You can follow the fruits of this grant
on this page.
----------------------------------------------
Patrick Kreitzberg and Oliver Serang presented at ASMS
2019 in Atlanta, where Patrick got his first taste of
Szechuan food in his life.
To read Patrick's masters thesis (on computing de
novo neutral loss alphabets from mass spectra),
click here. To
get the code (MIT licese),
visit https://bitbucket.org/orserang/peak-bagger.
To see Kyle Lucke et al.'s poster (which was
presented by Oliver) on the the hitchhiking proteins
during protein inference, click here.
----------------------------------------------
Patrick Kreitzberg will defend his Masters Thesis on Wednesday, June 19th at 1PM in Social Sciences 362. Read his thesis here!
----------------------------------------------
The department of Computer Science at the University of Montana will now offer Cybersecurity (both undergraduate and graduate level)!
----------------------------------------------
----------------------------------------------
Patrick Kreitzberg's work on meta de novo mass spectrometry methods, "The Alphabet Projection of Mass Spectrometry Data", was a finalist for the best of the University of Montana's GradCon 2019!
----------------------------------------------
To celebrate the new year, lab members jumped into the snowy Clark Fork and then everyone went to warm up with some ramen and then cool back down with a quick game of Race for the Galaxy over ice cream.
Only 170 days until the days start getting shorter again!
----------------------------------------------
Lab members went camping in the mountains east of Missoula. It was damp, but everyone worked together to strip the wood, saw/baton logs, and build a good fire before the snow came.
This cozy season, which is viewed as the time when the veil between the living and the dead is its thinnest, proved to be a perfect time to introduce everyone to "cheese dogs".
----------------------------------------------
Oliver Serang's textbook, Algorithms in Python is now online.
Check it out here.
----------------------------------------------
During an afternoon of Patrick and Oliver playing fetch with Patrick's dog Butters, Butters was recorded in a video that is slated for use in offial promotion for the University of Montana.
----------------------------------------------
The Serang Lab has been awarded a COBRE grant. This grant will be used to hire UM graduate students to build new graphical models for two cutting-edge problems from computational biology.
----------------------------------------------
The University of Montana has awarded the Serang Lab a pilot project grant. This grant will fund a UM computer science student to work on an exciting project developing EvergreenForest, a new graphical models library.
----------------------------------------------
Oliver Serang's textbook, Code Optimization in C++11 is now online.
Check it out here.
----------------------------------------------
Exploring Scientific Wilderness is a new podcast miniseries with short and sweet pieces of scientific brain candy.
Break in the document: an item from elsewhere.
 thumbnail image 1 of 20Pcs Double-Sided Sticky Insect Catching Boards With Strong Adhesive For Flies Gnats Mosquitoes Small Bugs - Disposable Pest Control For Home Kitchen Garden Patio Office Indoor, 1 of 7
----------------------------------------------
After years of work, the beta version of
EvergreenForest has been released! It includes a fast,
lazy implementation of trimmed convolution trees, a
fast in-house FFT written in C++11 (using the lab's
work on methods for performing bit-reversed
permutation), and lots of other Waldmeister-flavored
goodies to activate your almonds.
You can read more about it and download it
here.
----------------------------------------------
Trimmed convolution trees use sparsity in the solution
space exploit sparsity in the input priors and
likelihood of a convolution tree to achieve an
algorithmic and practical speedup. For example, when
all input priors are $$X_i \in \{0,1\}$$ and the
likelihood $$Y=X_1 + X_2 + \cdots X_n \in \{0,1\},$$
all posteriors can be solved with trimmed convolution
trees in $$O(n)$$ rather than the $$O(n \log(n)
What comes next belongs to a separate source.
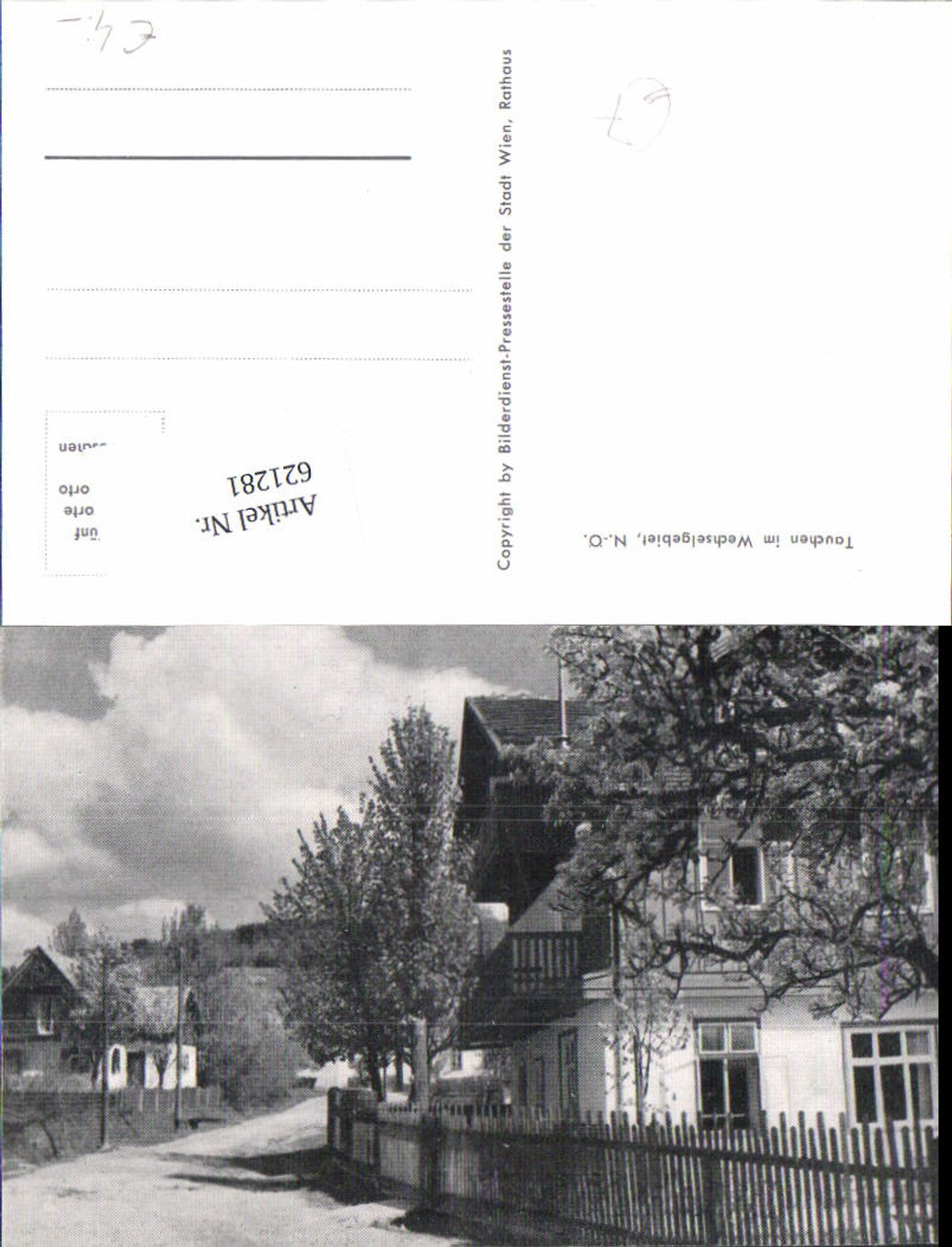 621281,Tauchen bei Mönichkirchen am Wechsel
\log(n))$$ required by non-trimmed convolution
trees.
Trimmed convolution trees generalize this to use
narrower priors and likelihoods, even when some priors
have larger support than others or when the likelihood
distribution has are larger support than all priors,
smaller support, or anything, making the first method
$$\in o(nk \log(nk) \log(n))$$ on some problems with
$$n$$ inputs each with $$k$$ bins.
The paper (in review) includes a demo that uses
trimmed convolution trees to estimate posterior
probabilities for peoples' orders given their total
ice cream bill; the demo is, of course, written using
the menu from
Missoula's
own Big Dipper Ice Cream.
----------------------------------------------
The bit-reversed permutation is an important task for
implementing an in-place FFT library. This paper
explores several bit reversal methods on the x86
architecture, including new bit twiddling tricks and a
proposed template-recursive, cache-oblivious method,
which achieves state-of-the-art performance.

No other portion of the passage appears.